From an administration point of view it would be best to only publish the list of arriving squares at the end of each month.
Soweto Comfort Club are distributing volumes of blankets for the rest of May, so the next ezine will be full of pictures and stories of the children and their blankets.
Look what you have achieved.....piles and piles of blankets
SQUARE CIRCLE ISSUE NINE - 16 MAY 2009
NEW TO THE SITE:
More photographs of your beautiful work
COMING NEXT TO THE SITE:
A record week for our square tally!
May has produced another milestone for knit-a-square. Ronda and the SCC ladies opened parcels containing 1,299 squares, and 71 items of clothing in ONE WEEK! Imagine if we could keep that up. That's 55 children who will have warm blankets as a result.
Total squares to date: 6,128 squares, 176 beanies, 110 sweaters, 55 vests, 38 others (toys, ponchos, bibs etc)
What a day it will be when we reach 10,000 squares.
Sometimes it may seem to you, that there are so many people sending so many squares but it is hardly making a dent in the huge goal we are striving to achieve. Think of 55 children (a bus load of kids), who currently lie on inadequate bedding surfaces, huddled under make-shift covers, and then imagine them snuggled under hand-knitted blankets with a warm beanie on their heads and you may feel as I do - a sense of wonder at what can be achieved where there is a will.
I hope that thought will inspire you to keep sending squares and clothes and to tell others about the plight of these children.
Playing a role in raising awareness
The tragedy of these children still remains mostly hidden. I often ask people what they know about the AIDS orphans in Africa. Many of them understand there is a problem, but have no idea of the scale.
Most people have never really thought to imagine what it means to grow up without the love and support of parents. Or of the burden the grandmothers of Africa face. Or what the future holds for a society with millions of parent-less children. It is a painful subject to contemplate.
However, each square, beanie, vest, or sweater you send offers a small, but very meaningful message to these children, that they are not entirely forgotten.
Awareness spreads like a virus. If you talk to your family and friends, they will talk to theirs and theirs will talk to theirs, and so it goes on. And that means many more people will know about these children - gathering momentum like rolling a snowball down a hill.
A media kit for you
We now have a press and media kit page aimed at further helping you spread the word with a monthly updated media kit to download and send to your local press.
We had our fifteen minutes of fame this week with a story in the local paper. Sadly they got just about everything wrong. Our names, the number of squares and the size (22 sq cms - huh?) and worst of all the knit-a-square address.
But none the less we received an anonymous donation of 68, 6 x 6" squares which will make two small children very happy. So press WORKS!
The first World KASOTG Day is a success!
For a relatively impromptu "world" event, it was a great start to doing just that, gathering momentum.

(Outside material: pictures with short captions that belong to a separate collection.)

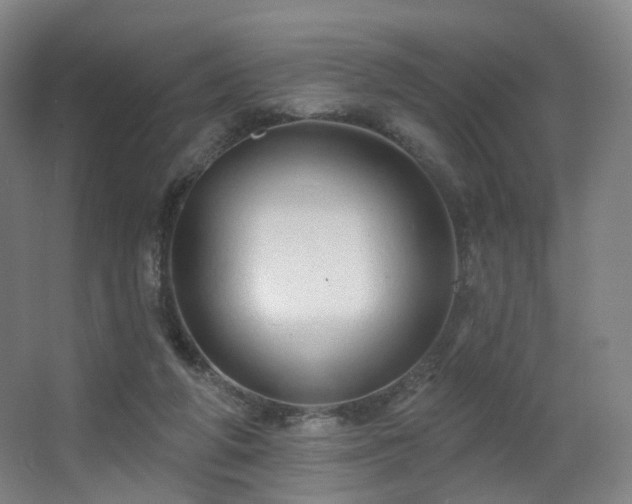 X0000063480210200601201252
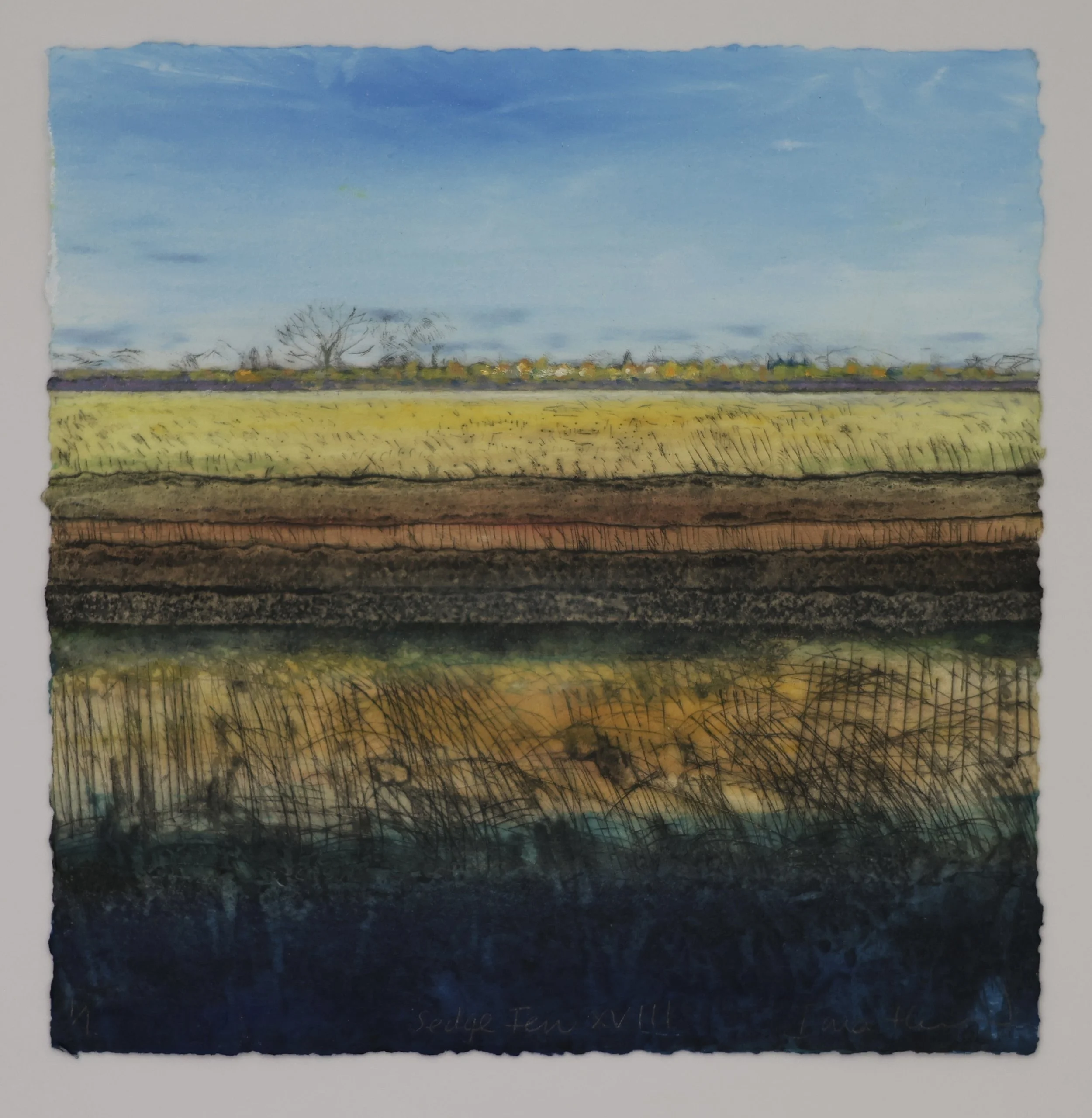 Sedge Fen XVIII showing deckle edge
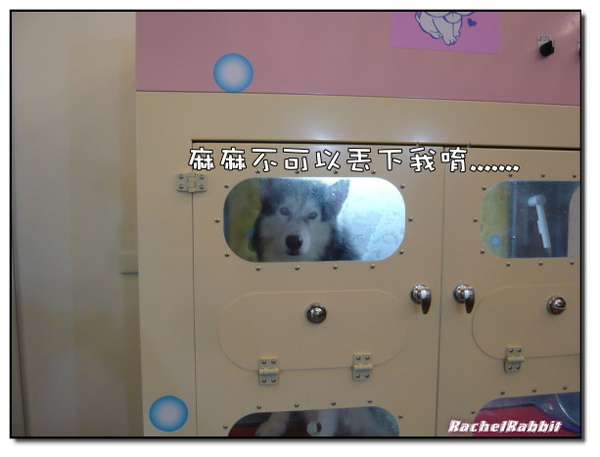 P1090298.JPG P1090298.JPG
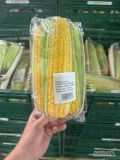 Sprzedam kukurydzę cukrową, schłodzona, opakowanie dowolne, luz, tacka, flowpack.
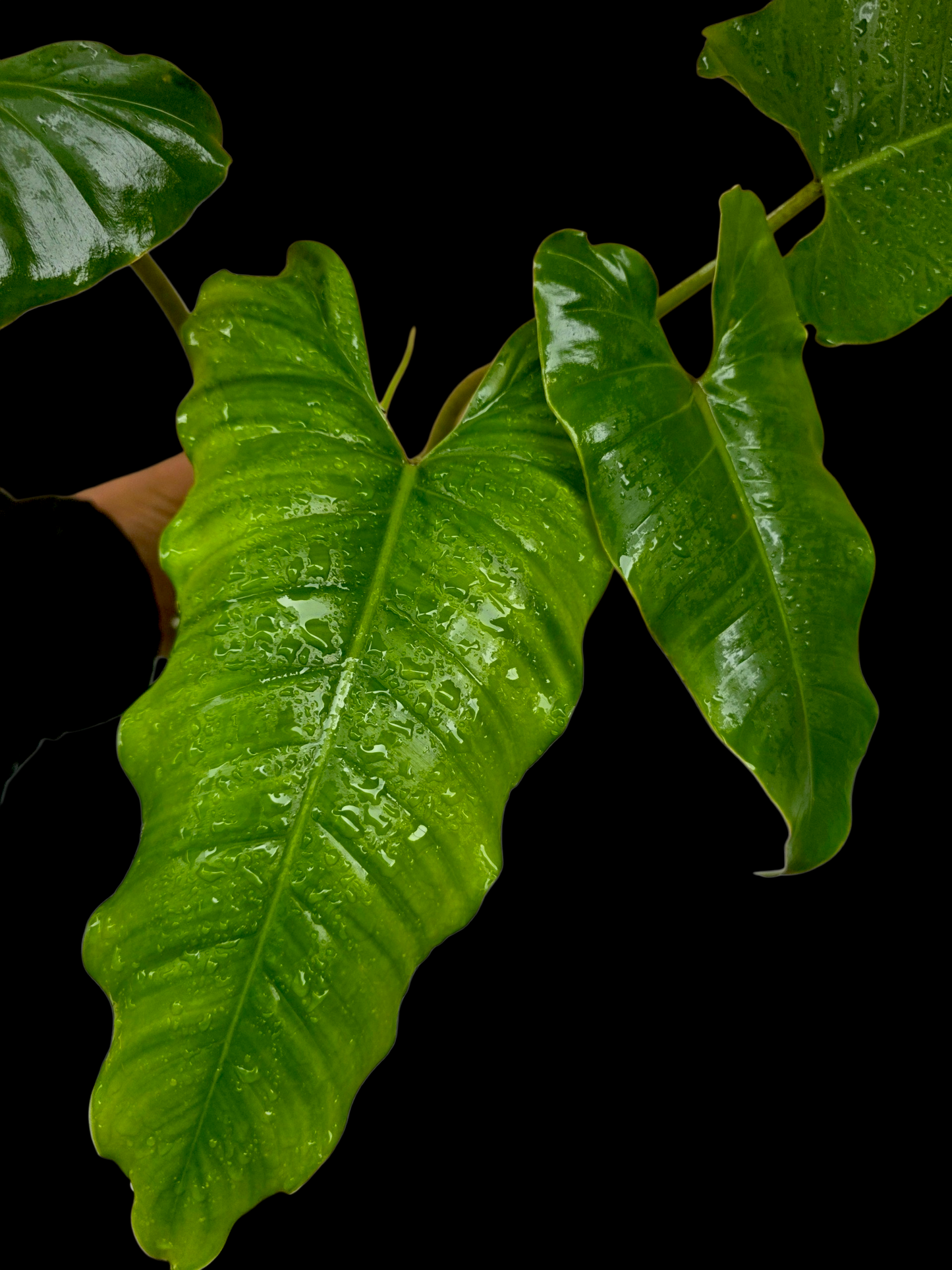 Philodendron Deflexum Wild Ecotype (EXACT PLANT)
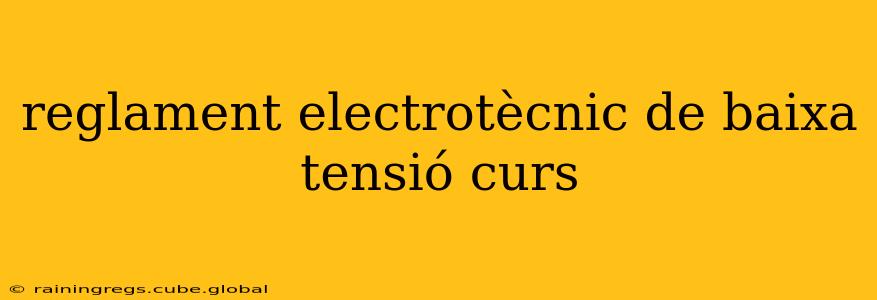 reglament electrotècnic de baixa tensió curs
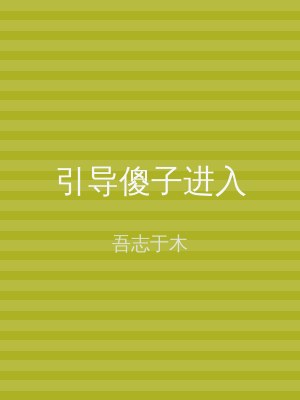 引导傻子进入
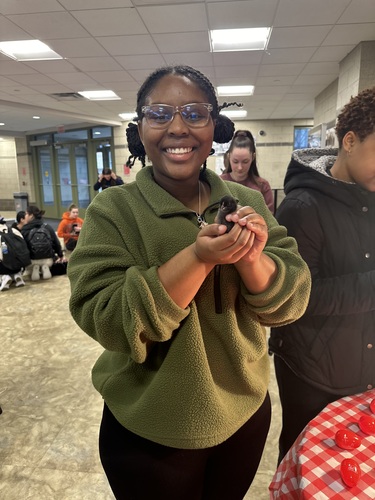 Sabrina J - Youngstown State Babysitter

Firstly, we should thank Kyla (right) for her inspiration to make this happen and Andrea (left) for supporting her so well, and for coming up with the absolutely ingenuous idea, an 8" ruler that doubles as a brochure on the back, shown below. Slightly modified so that it is one sided only, it is up on the spread the word page so that you can use it to do just that. It will be of great use for Square Circle groups and schools of course. Thank you Andrea.
Between them, they came up with a host of ideas, including key chains (Kyla) and bracelets (Andrea) to sell and raise money for postage.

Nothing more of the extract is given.